EasternStandard · 27/06/2025 12:34

I’m not sure how we can afford it.

Tax rises just result in more cuts and people opting out by leaving or other.

We can’t - demographics mean our ‘model’ no longer works. Pensions don’t work. The NHS doesn’t work. PIP doesn’t work.

All need radically funding reform - and, truthfully, we need to change our expectations on what they can deliver.

And as you can see from this thread, there is definitely ‘empathy fatigue’, with people starting to lose interest in funding these services for large numbers of people when they don’t feel they’re properly administered / going to the right people etc.

I think these is for example huge scepticism that so many people truly need PIP. That’s not saying ‘oh I don’t want disabled people to get any help’ - it’s people saying ‘are we actually giving money to the right people, and do all of them need it’.

Interested in this thread?

Then you might like threads about these subjects:

JustASmallBear · 27/06/2025 12:38

EasternStandard · 27/06/2025 11:43

Higher taxes are a bad idea. Labour are already slowing growth.

Higher taxes are theoretically a good idea. Look at the countries with high taxes where they equate to higher standards of living.

In this country, higher taxes are completely pointless because we have such awful governments, and over the last god knows how many decades they've wasted so much money.

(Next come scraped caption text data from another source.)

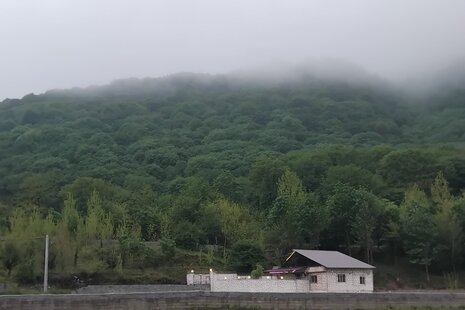 ویلا مبله سه خواب جنگلی شمشاد در سوادکوه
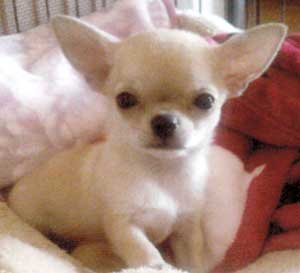 子犬写真
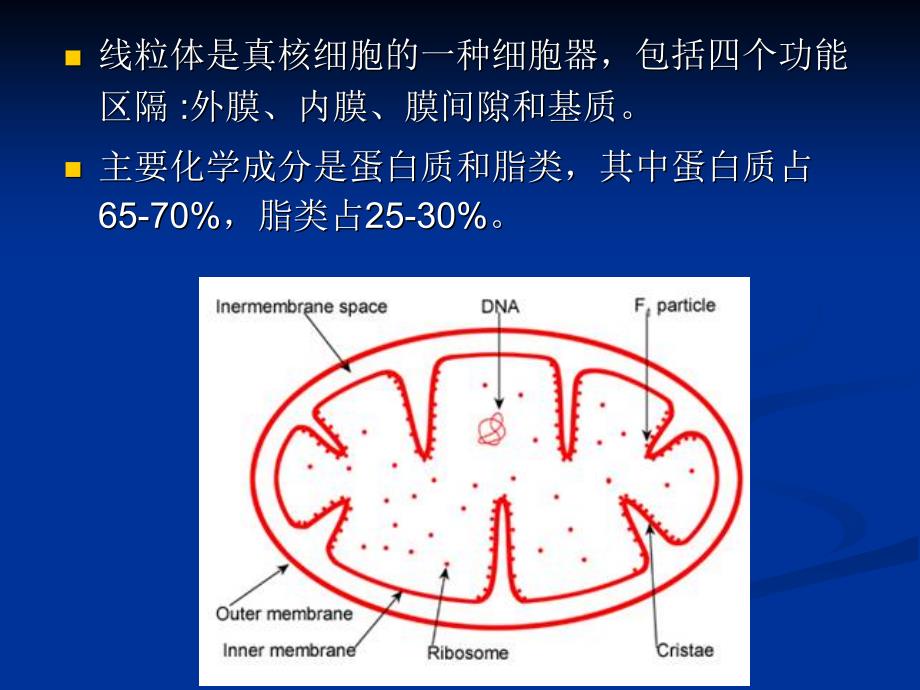 线粒体功能课件_第3页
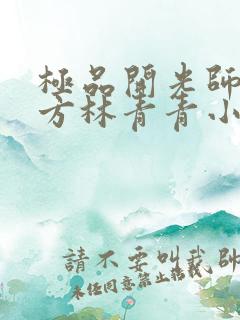 极品开光师李南方林青青小说叫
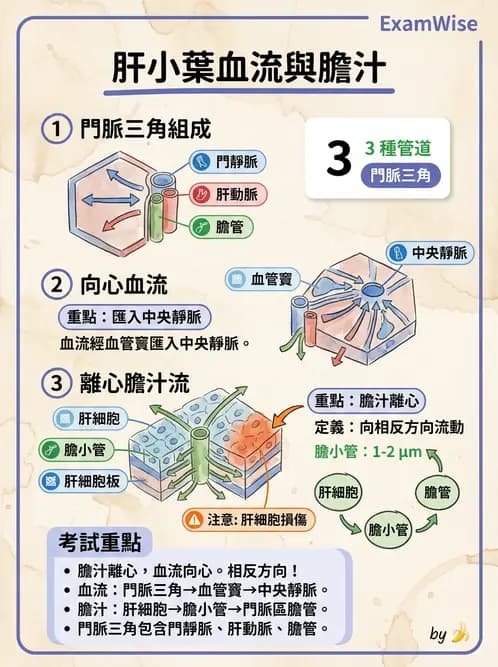 放射 - 消化系統 - AI 圖文解析預覽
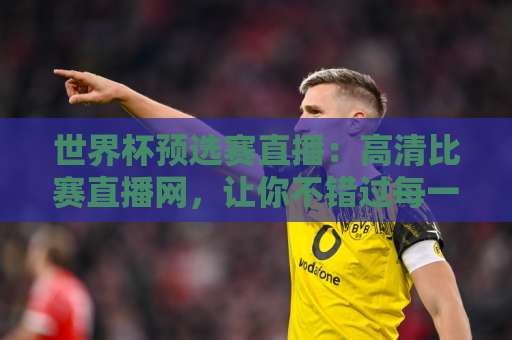 世界杯预选赛直播：高清比赛直播网，让你不错过每一场精彩！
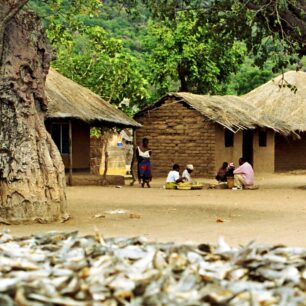 Africké baobaby: příbytky božstev a objekty kultického uctívání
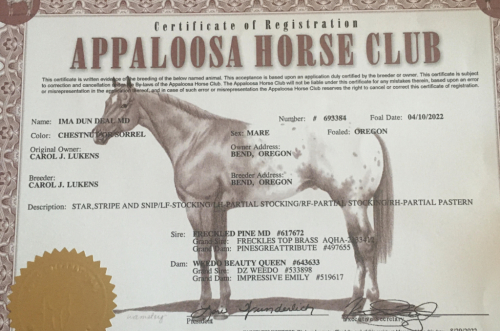 HorseID: 2291453 IMA DUN DEAL MD - PhotoID: 1089230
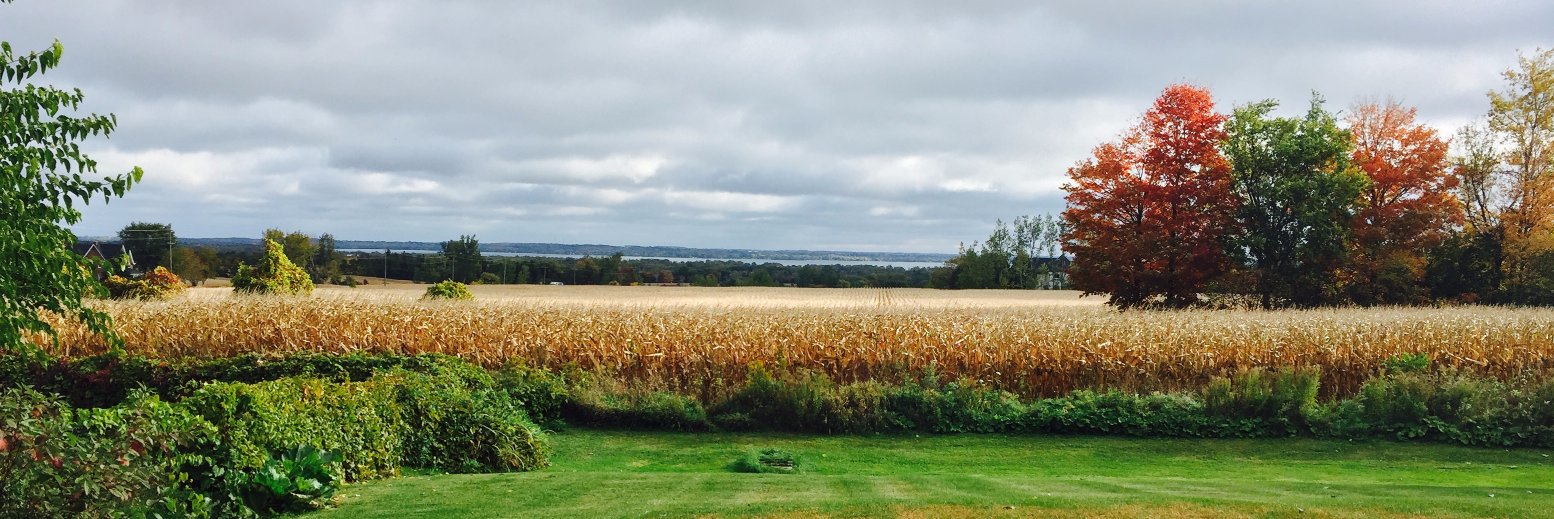 Melissa Segriff banner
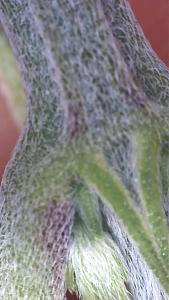 Click image for larger version

Name:	CBD88547-E488-4428-872E-7DD0EB90DD6D.jpeg
Views:	256
Size:	298.8 KB
ID:	558042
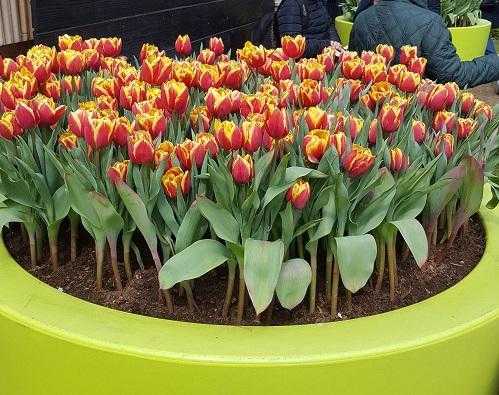 Тюльпаны в горшке (13 фото): как правильно посадить и вырастить цветы дома на подоконнике? можно ли сажать луковицы весной?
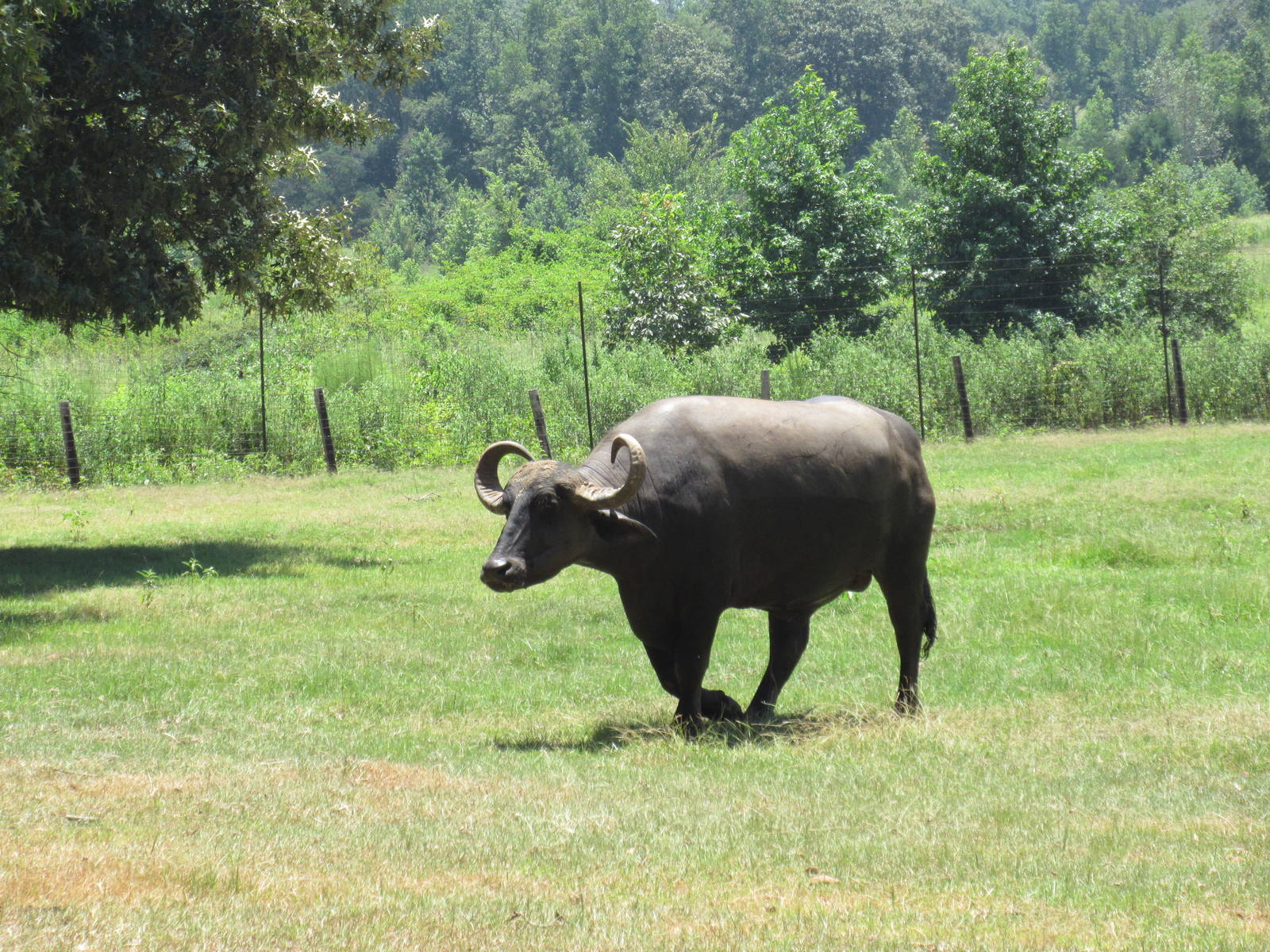 Drive-Through Safari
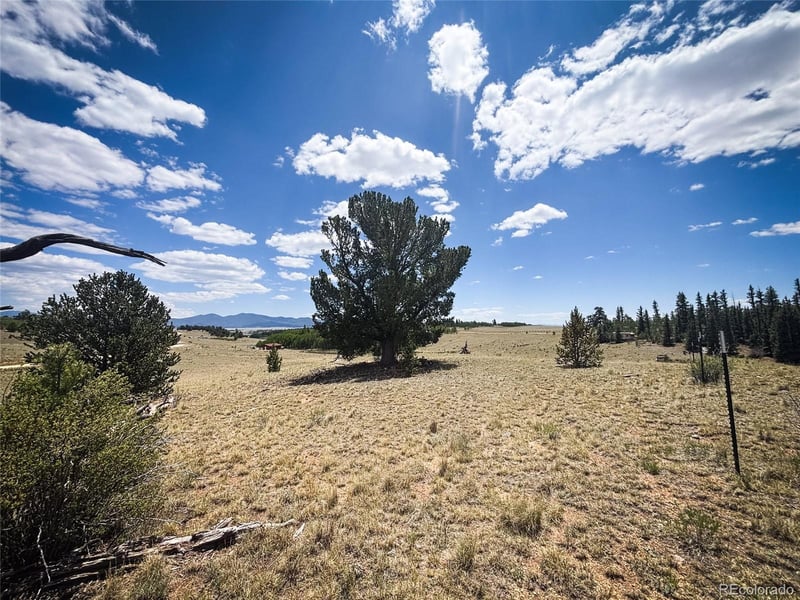 458 Remington Rd, Jefferson, CO 80432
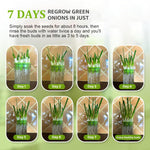 HASTHIP® Seed Sprouting Jar Kit - Bean Sprouts Growing Kit - 32OZ Glass Sprouting Mason Jar with Ventilation Mesh Screen Sprouting Lids & Light Shield - Sprouting Kit for Homemade Edible Sprouts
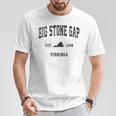 Bigtone Gap バージニアa ビンテージ スポーツデザイン ブラックプリント Tシャツ 面白い贈り物
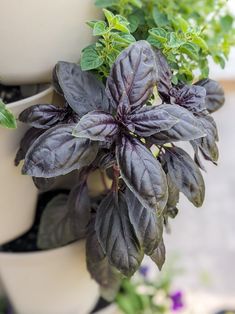 some purple and green plants in white pots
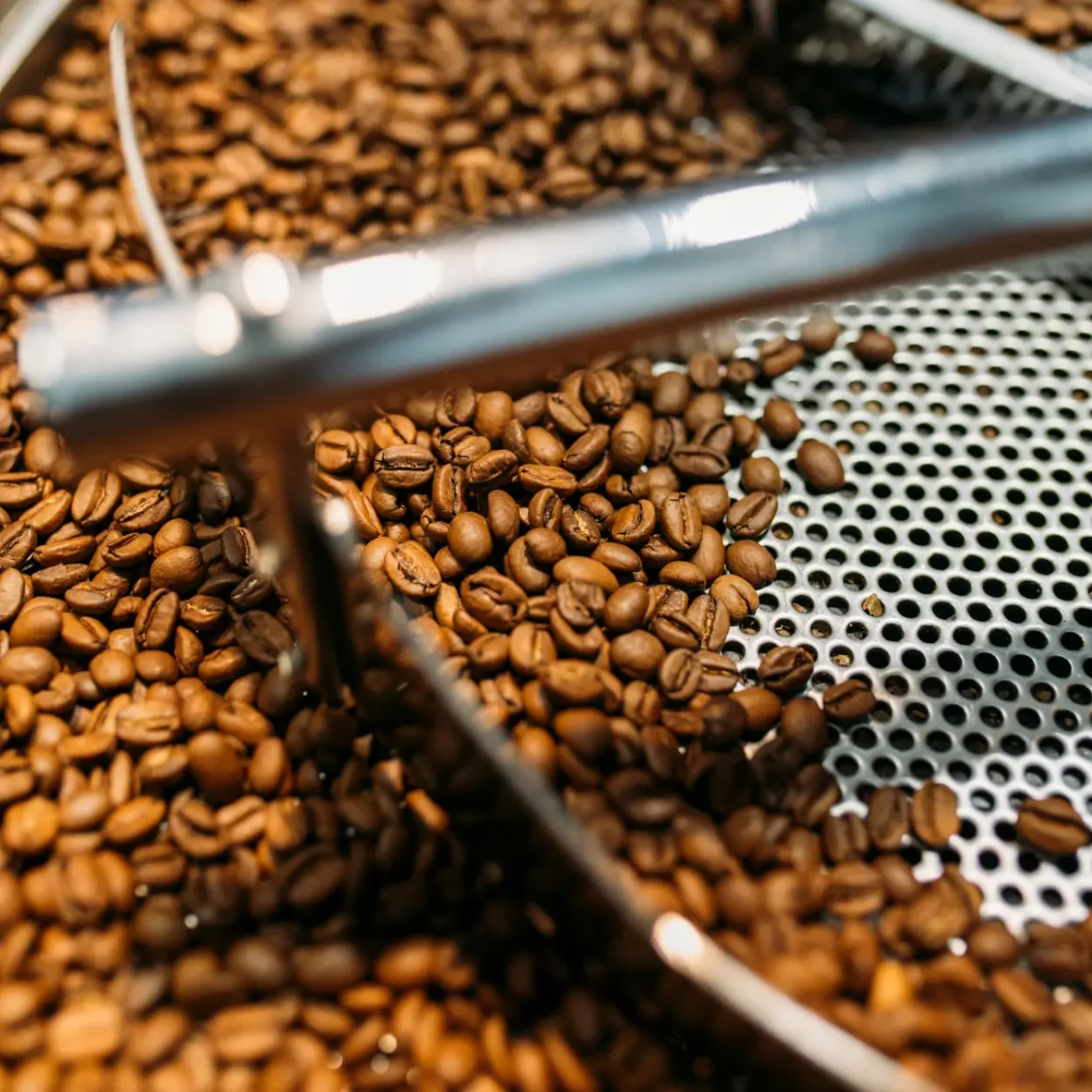 a roasted coffee beans in a container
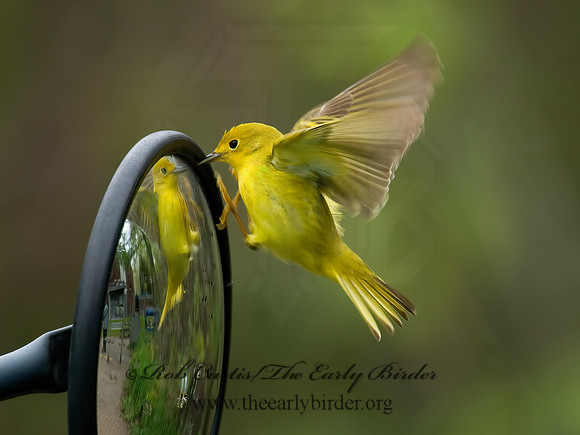 Setophaga petechia  YELLOW WARBLER 6004848z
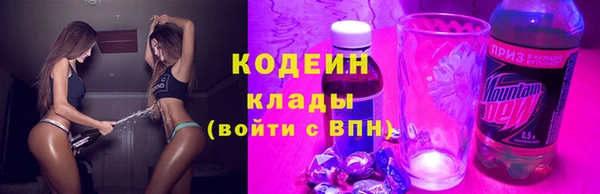мдпв Грязовец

And I'm talking about every government. I don't care who they say they are politically, the whole lot of them just waste money one way or another. So I wouldn't want to pay higher taxes on that basis.

Show me some evidence that higher taxes are actually doing some good instead of just randomly plugging holes and I'll be happy to pay them.

PreetyinPurple · 27/06/2025 12:39

Why don’t they sort out companies who don’t pay people properly and need to be topped up by UC first. Or help create some jobs, the dial back on remote working is a disaster for disabled people.
They can talk about offering support for disabled people to work, I want to see it first. Many companies think that slapping a flag on something is ‘access’. Look at train companies painting their trains with pride flags and then not offering ramps for wheelchair users.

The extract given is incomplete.